With spring now in bloom, the weather’s starting to get warmer. With the rise in temperature comes a rise in outdoor activity, and Rowan’s Parkour Club is embracing the change of season.
Parkour is a type of physical activity where those who partake, often called free-runners or a traceur, have to travel from point a to point b as efficiently and creatively as possible, using their surroundings as potential obstacles for them to overcome with special tricks.
Rowan Parkour Club meets outside of Bunce Hall on Tuesdays from 4 p.m. to 6 p.m., Thursdays from 5 p.m. to 8 p.m., and Fridays from 2 p.m. to 5 p.m. At the start of each meeting, the club holds a class where they work on certain challenges or practice specific skills that they then have to use in a line, which in parkour terms is a planned sequence of movements that free-runners perform.
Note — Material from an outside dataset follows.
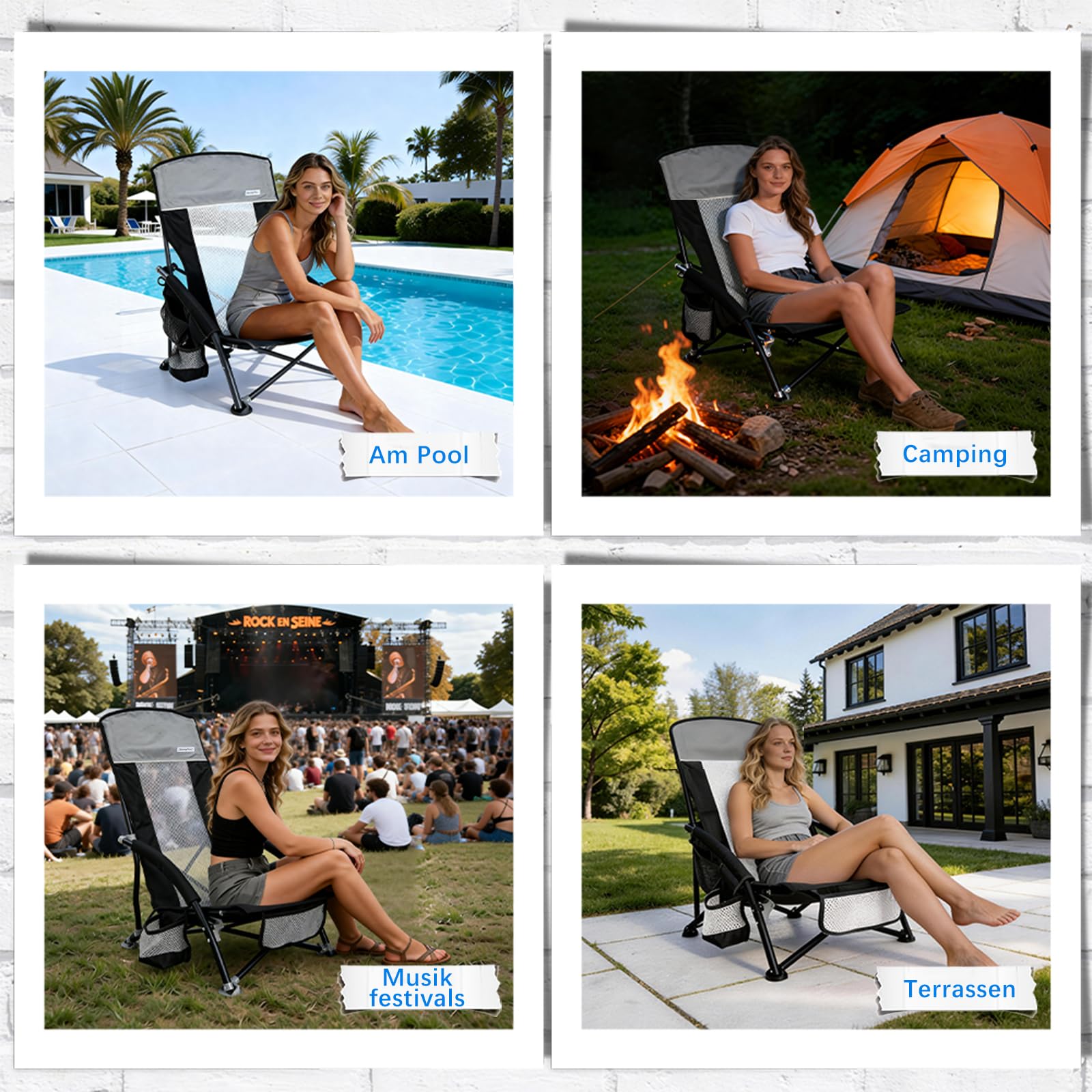 SUNNYFEEL Strandstuhl Klappbar Leicht,Campingstuhl mit Hochlehner,1 Stück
“Every day that we meet, there’s an opportunity to practice individually and practice the moves that we’ve learned on your own or with other people, or trying to come up with a line. But on class days, session starts as a class where an experienced coach, either myself or Mitchell Wiegand, who has graduated but we pay him to come and coach,” said Christopher Soyring, a sophomore mechanical engineering major who’s also the current president of the Parkour Club.
Though it wasn’t always an “official” club, the Rowan Parkour Club has been around for years, acting as an unofficial club starting in 2008 and becoming affiliated with the Rowan Recreation Center in 2010.
“I got to Rowan in 2007 and at that point had been training by myself for about a year and a half or so. When I got there, there was obviously no club, but I was not aware of anybody else on campus who practiced parkour. It was still very new at the time. I spent my freshman year practicing by myself around campus here and there. It was also during my freshman year that I went to my first parkour jam in Atlantic City, and it was there that I realized that I really wanted to be a part of this community. So sophomore year, which would’ve been 2008 into 2009, I started putting flyers up around campus, homemade flyers that said I’d be meeting at this place at this time these days of the week, two or three times a week if you wanted to learn parkour, I’d teach you,” said Gabe Arnold, a Rowan class of 2011 alumni who founded the Parkour Club.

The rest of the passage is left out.